### Records to process
= = = = =

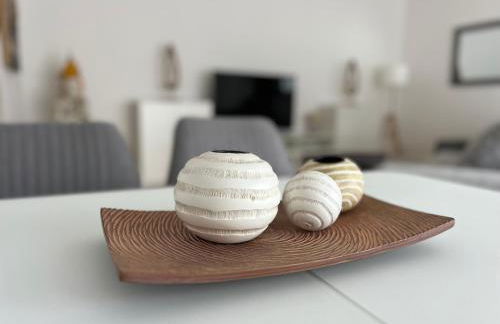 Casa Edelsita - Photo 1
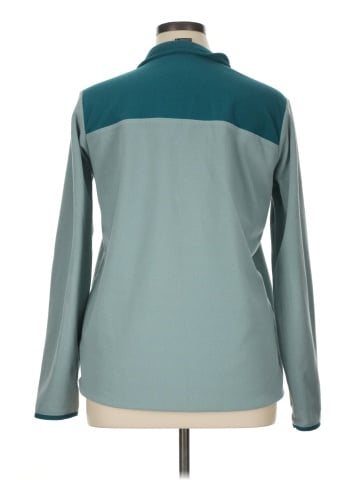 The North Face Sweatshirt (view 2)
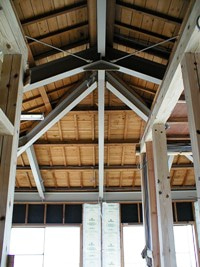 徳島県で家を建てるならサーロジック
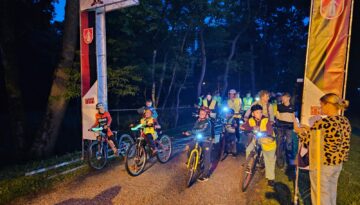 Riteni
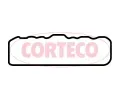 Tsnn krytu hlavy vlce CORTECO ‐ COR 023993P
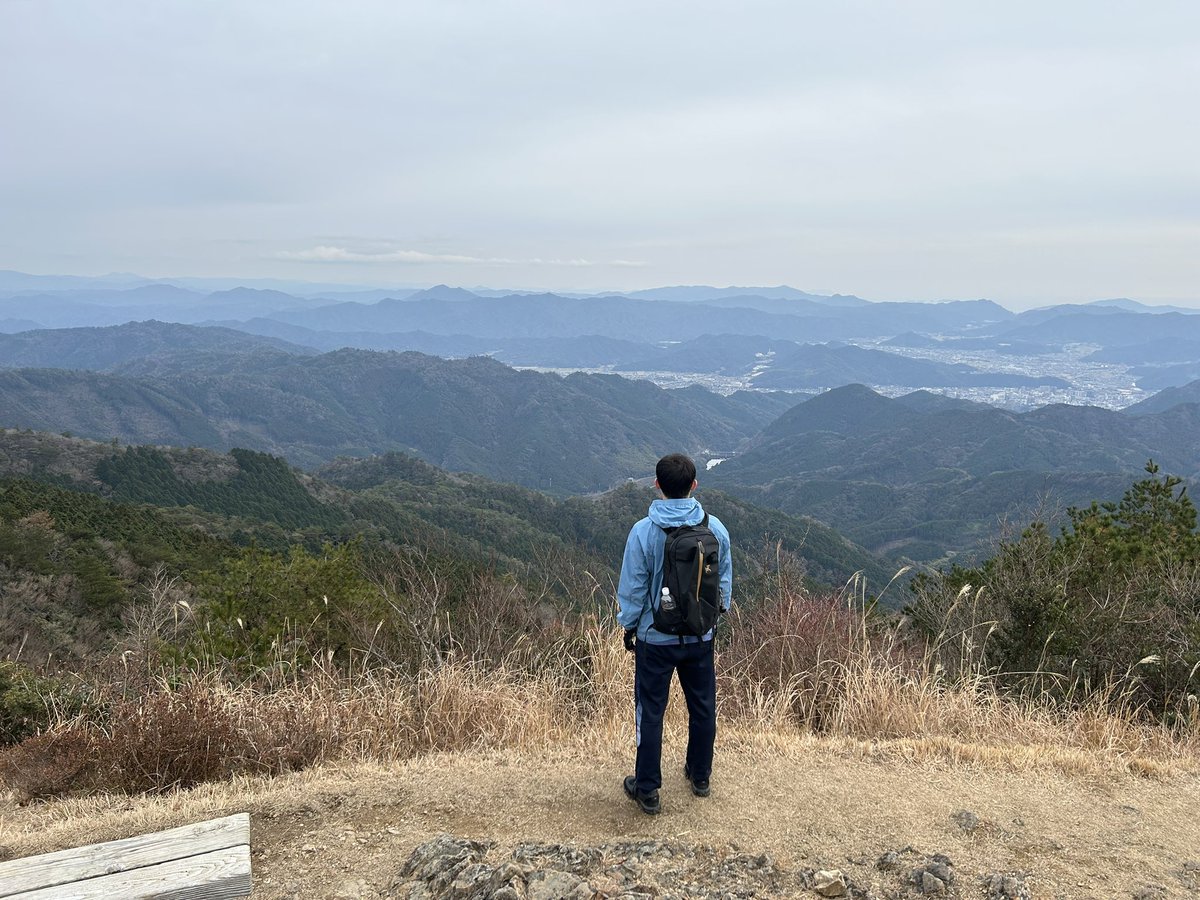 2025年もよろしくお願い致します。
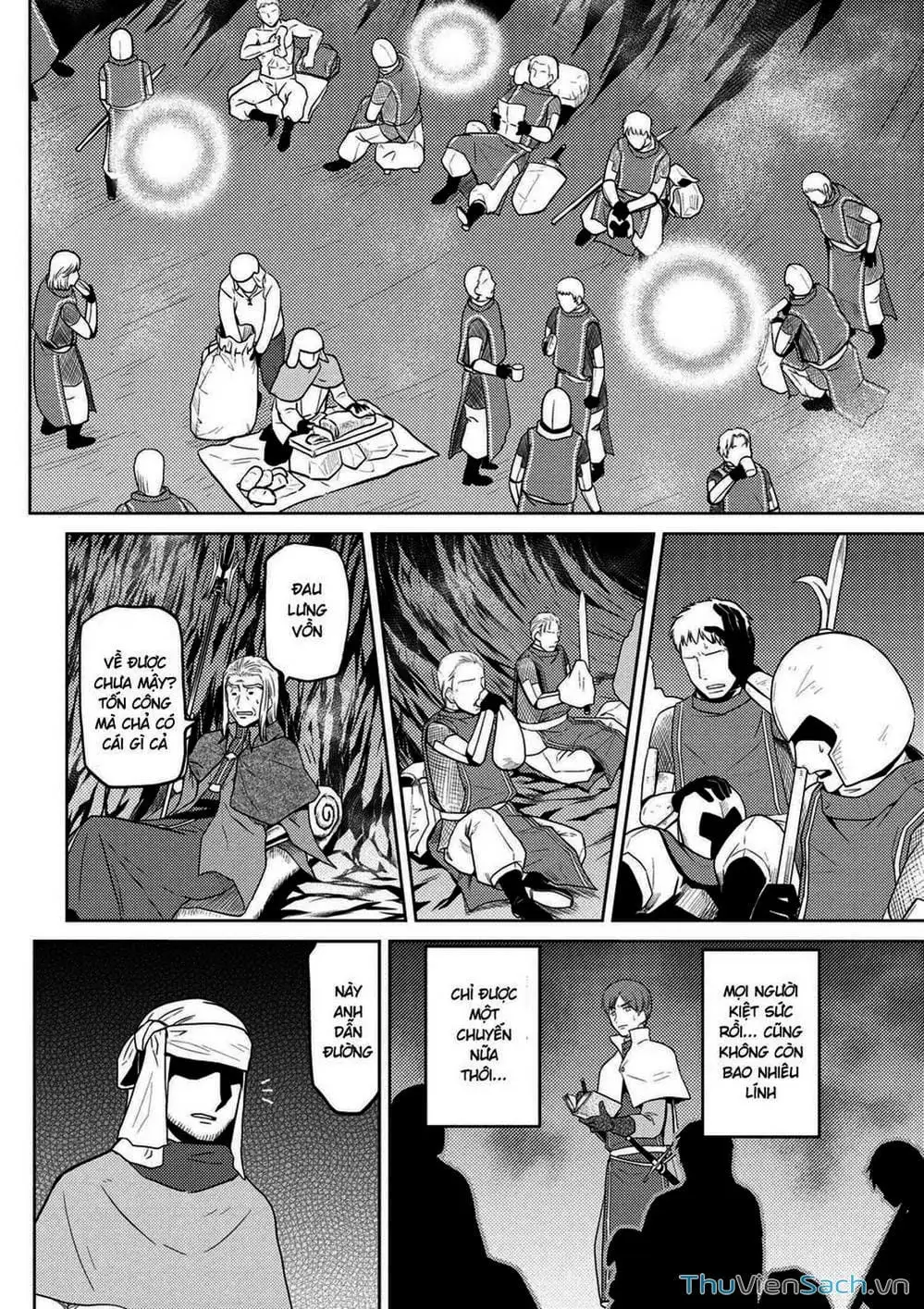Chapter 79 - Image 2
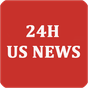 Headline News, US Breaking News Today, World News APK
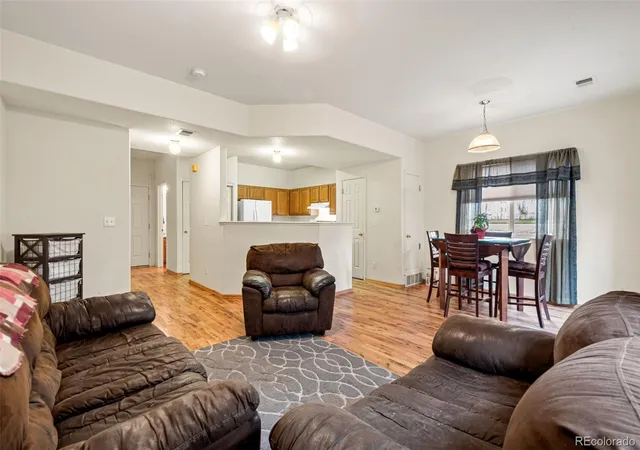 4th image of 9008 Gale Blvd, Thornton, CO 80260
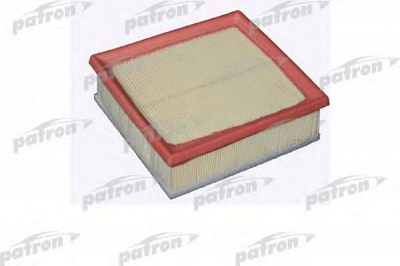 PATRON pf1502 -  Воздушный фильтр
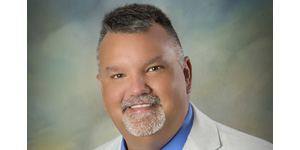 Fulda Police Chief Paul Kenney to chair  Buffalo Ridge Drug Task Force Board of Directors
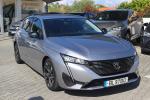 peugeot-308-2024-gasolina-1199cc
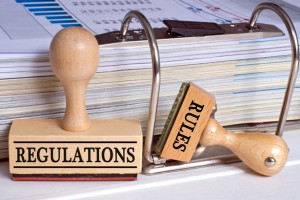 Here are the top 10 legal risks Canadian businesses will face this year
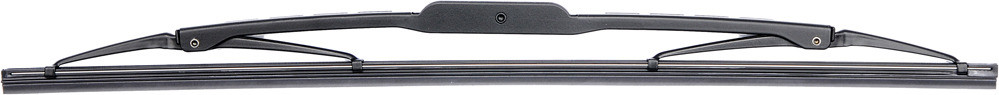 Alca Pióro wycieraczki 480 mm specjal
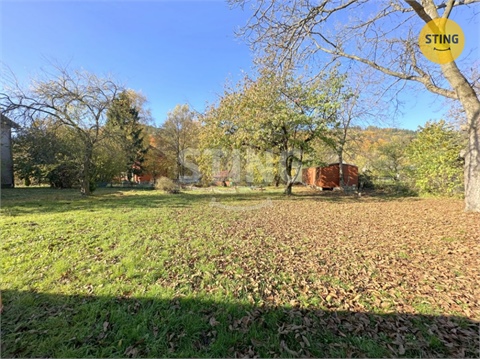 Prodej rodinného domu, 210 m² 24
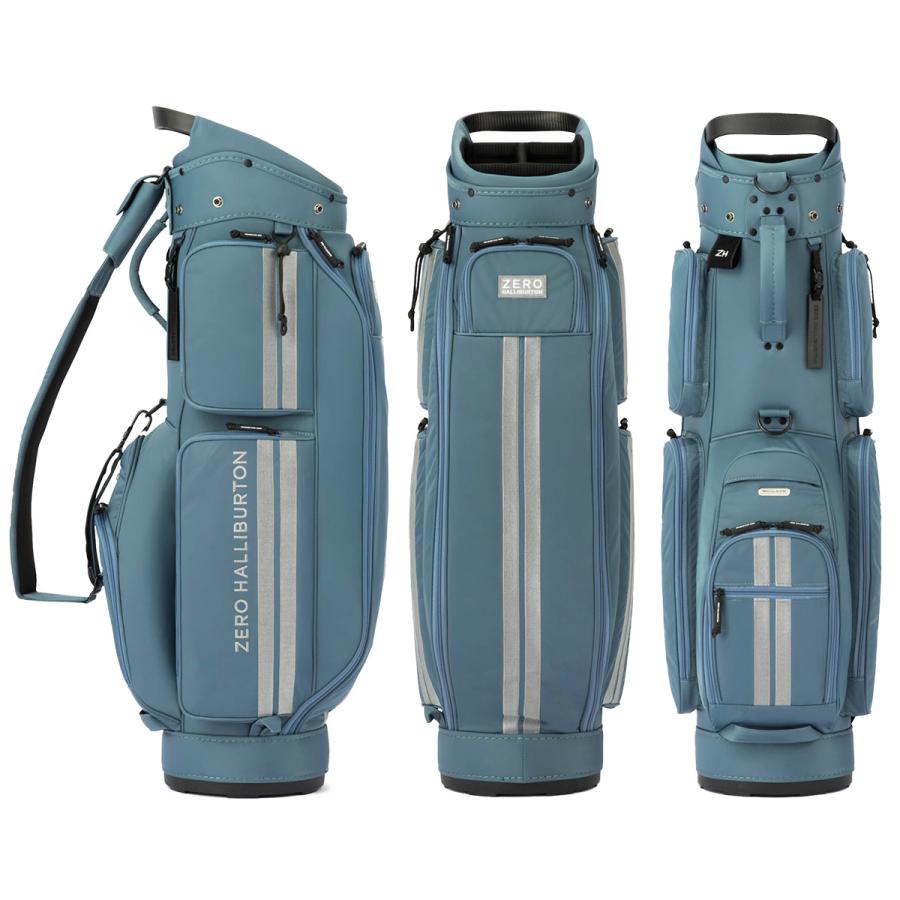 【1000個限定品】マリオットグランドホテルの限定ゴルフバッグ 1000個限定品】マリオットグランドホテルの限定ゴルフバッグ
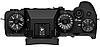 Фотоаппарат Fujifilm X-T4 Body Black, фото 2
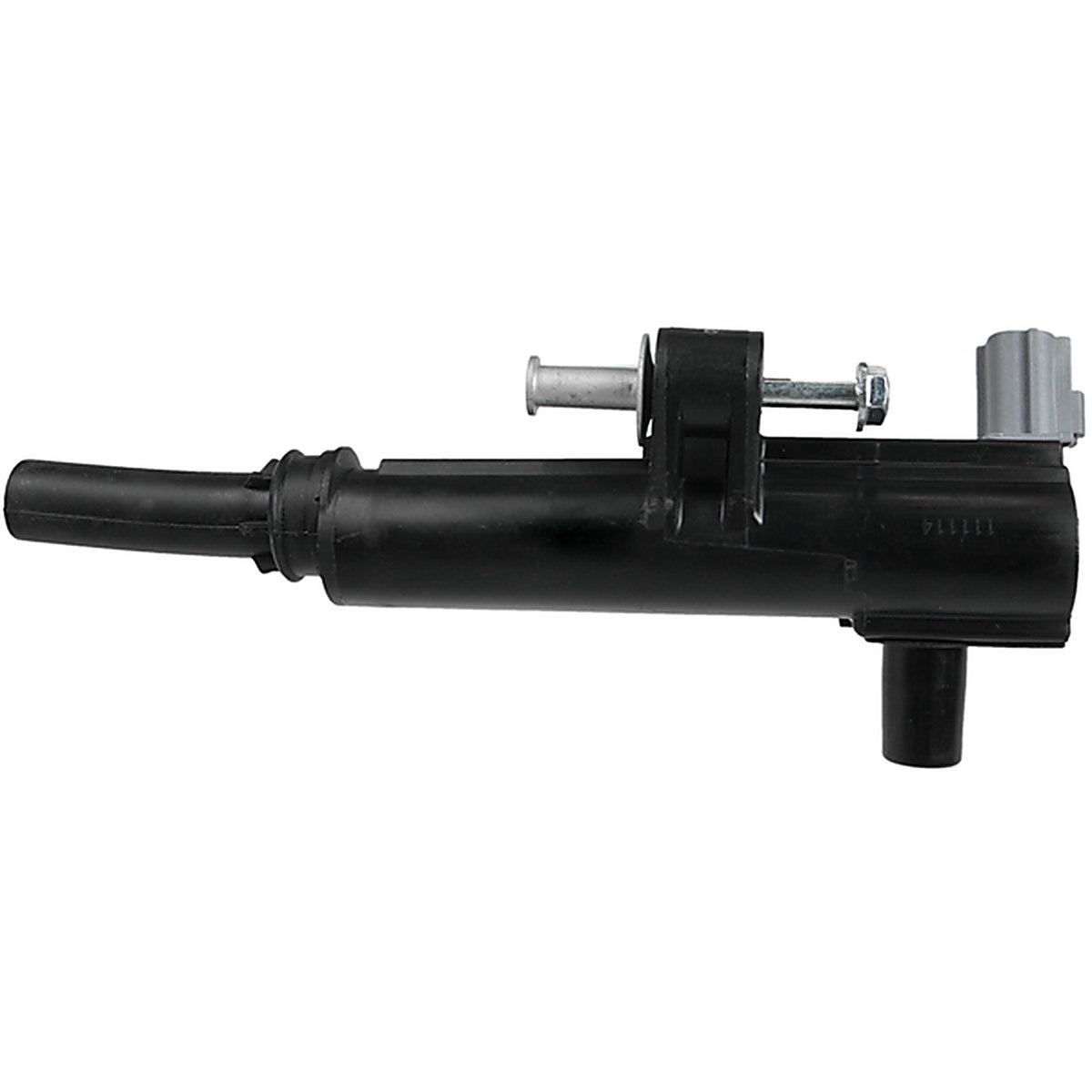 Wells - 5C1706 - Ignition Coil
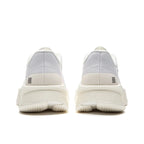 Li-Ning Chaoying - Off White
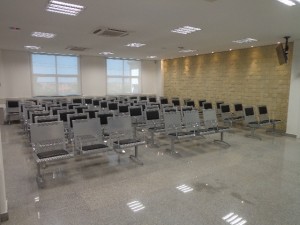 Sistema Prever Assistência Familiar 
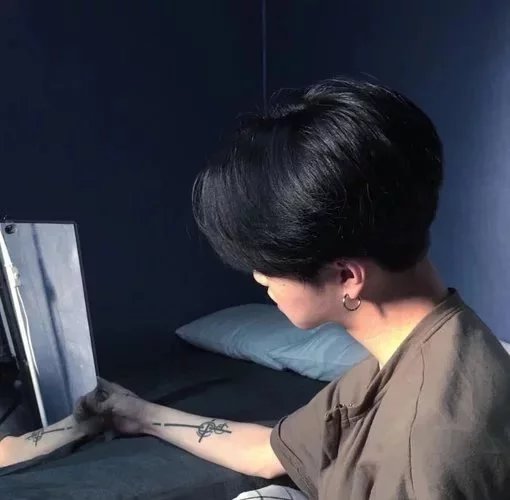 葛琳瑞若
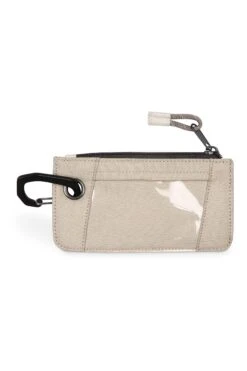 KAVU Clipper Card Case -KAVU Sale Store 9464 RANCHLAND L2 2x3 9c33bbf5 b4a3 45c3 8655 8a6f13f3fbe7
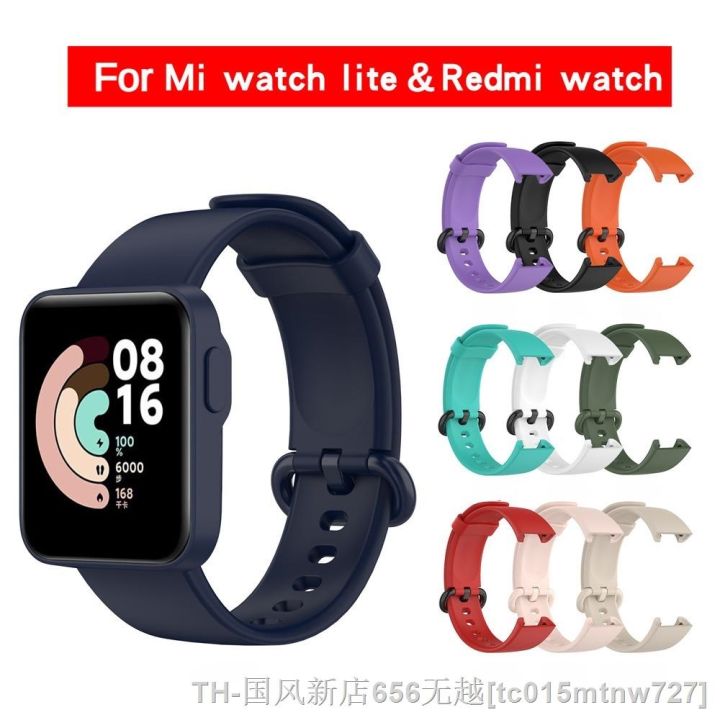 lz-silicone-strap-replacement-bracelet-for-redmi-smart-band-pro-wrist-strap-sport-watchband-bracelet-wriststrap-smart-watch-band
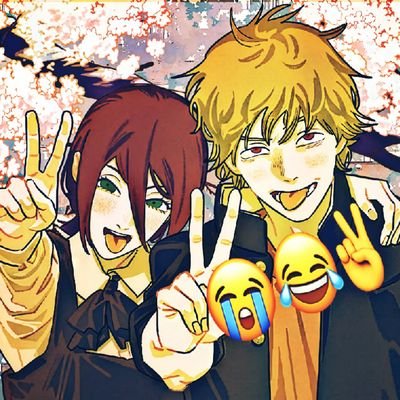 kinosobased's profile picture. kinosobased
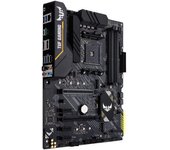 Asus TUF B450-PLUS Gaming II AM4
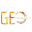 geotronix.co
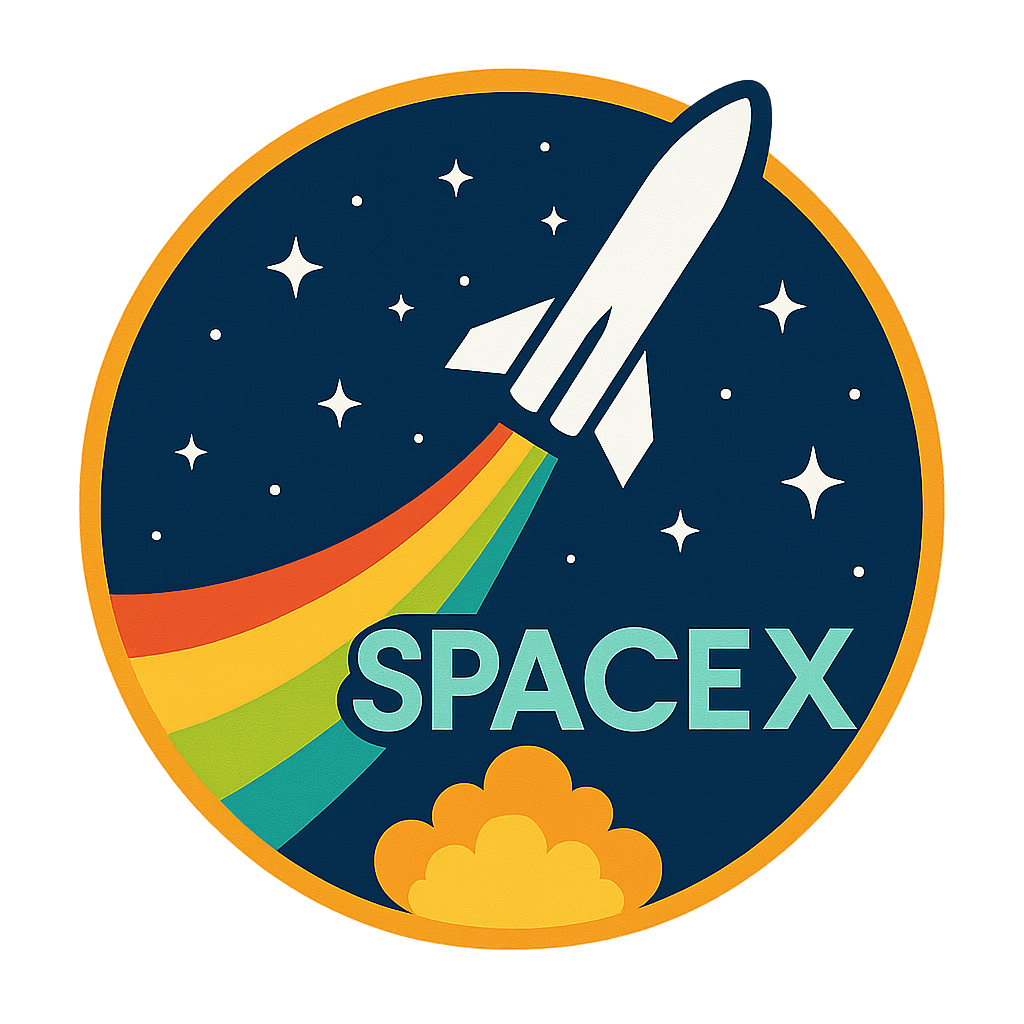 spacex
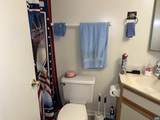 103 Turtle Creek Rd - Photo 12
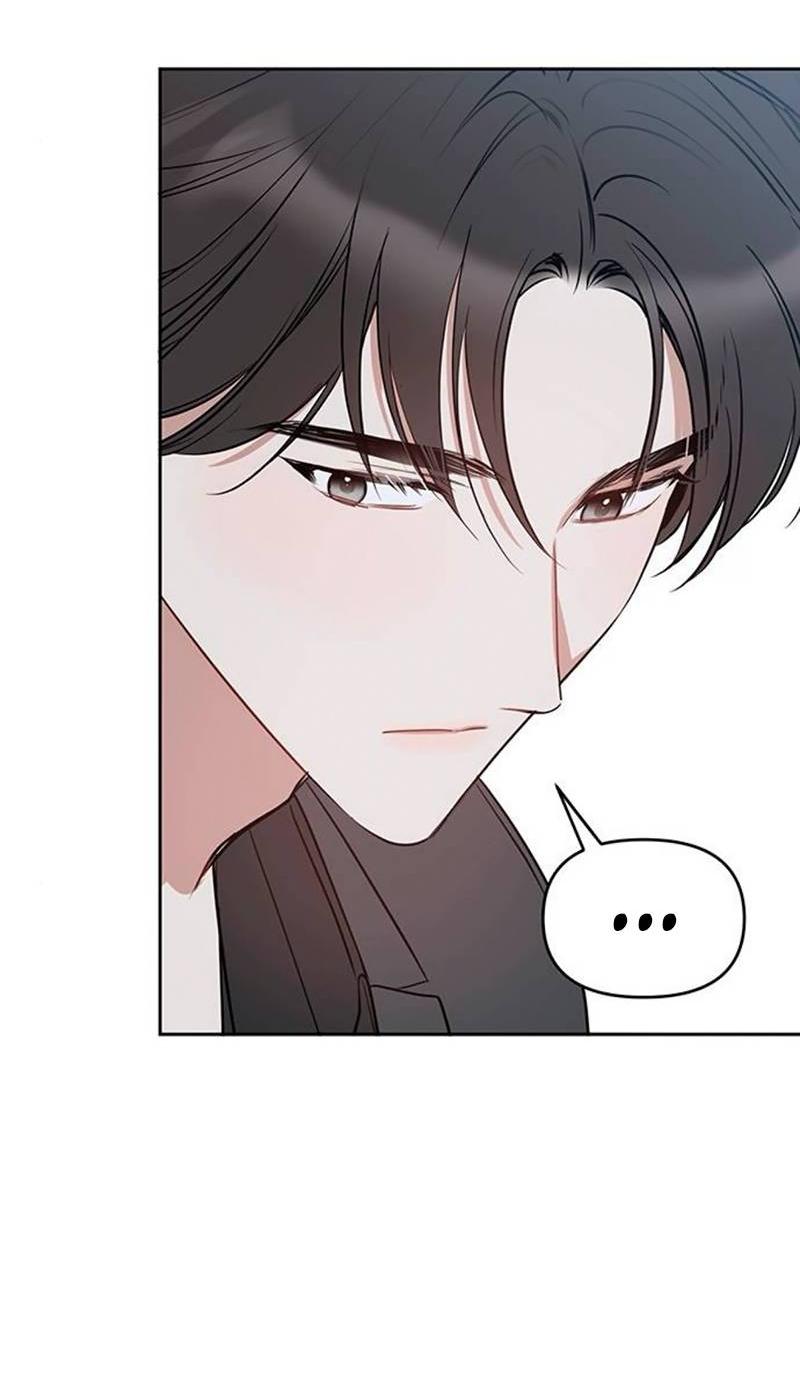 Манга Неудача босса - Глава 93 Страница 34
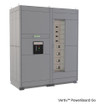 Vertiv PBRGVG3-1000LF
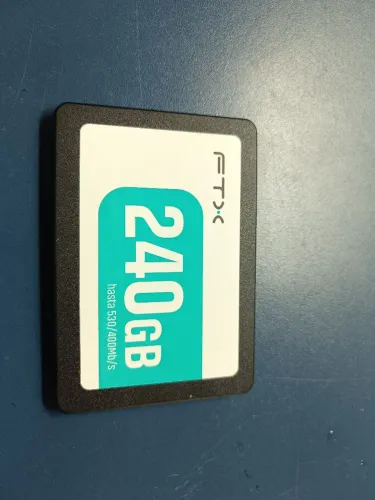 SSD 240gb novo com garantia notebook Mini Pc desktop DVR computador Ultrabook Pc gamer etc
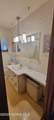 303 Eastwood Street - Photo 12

= = = = =

### Description of the task
Output every record above exactly, leaving out the pictures.

### Task output
 Casa Edelsita - Photo 1
 The North Face Sweatshirt (view 2)
 徳島県で家を建てるならサーロジック
 Riteni
 Tsnn krytu hlavy vlce CORTECO ‐ COR 023993P
 2025年もよろしくお願い致します。
Chapter 79 - Image 2
 Headline News, US Breaking News Today, World News APK
 4th image of 9008 Gale Blvd, Thornton, CO 80260
 PATRON pf1502 -  Воздушный фильтр
 Fulda Police Chief Paul Kenney to chair  Buffalo Ridge Drug Task Force Board of Directors
 peugeot-308-2024-gasolina-1199cc
 Here are the top 10 legal risks Canadian businesses will face this year
 Alca Pióro wycieraczki 480 mm specjal
 Prodej rodinného domu, 210 m² 24
 【1000個限定品】マリオットグランドホテルの限定ゴルフバッグ 1000個限定品】マリオットグランドホテルの限定ゴルフバッグ
 Фотоаппарат Fujifilm X-T4 Body Black, фото 2
 Wells - 5C1706 - Ignition Coil
 Li-Ning Chaoying - Off White
 Sistema Prever Assistência Familiar 
 葛琳瑞若
 KAVU Clipper Card Case -KAVU Sale Store 9464 RANCHLAND L2 2x3 9c33bbf5 b4a3 45c3 8655 8a6f13f3fbe7
 lz-silicone-strap-replacement-bracelet-for-redmi-smart-band-pro-wrist-strap-sport-watchband-bracelet-wriststrap-smart-watch-band
 kinosobased's profile picture. kinosobased
 Asus TUF B450-PLUS Gaming II AM4
 geotronix.co
 spacex
 103 Turtle Creek Rd - Photo 12
 Манга Неудача босса - Глава 93 Страница 34
 Vertiv PBRGVG3-1000LF
 SSD 240gb novo com garantia notebook Mini Pc desktop DVR computador Ultrabook Pc gamer etc
 303 Eastwood Street - Photo 12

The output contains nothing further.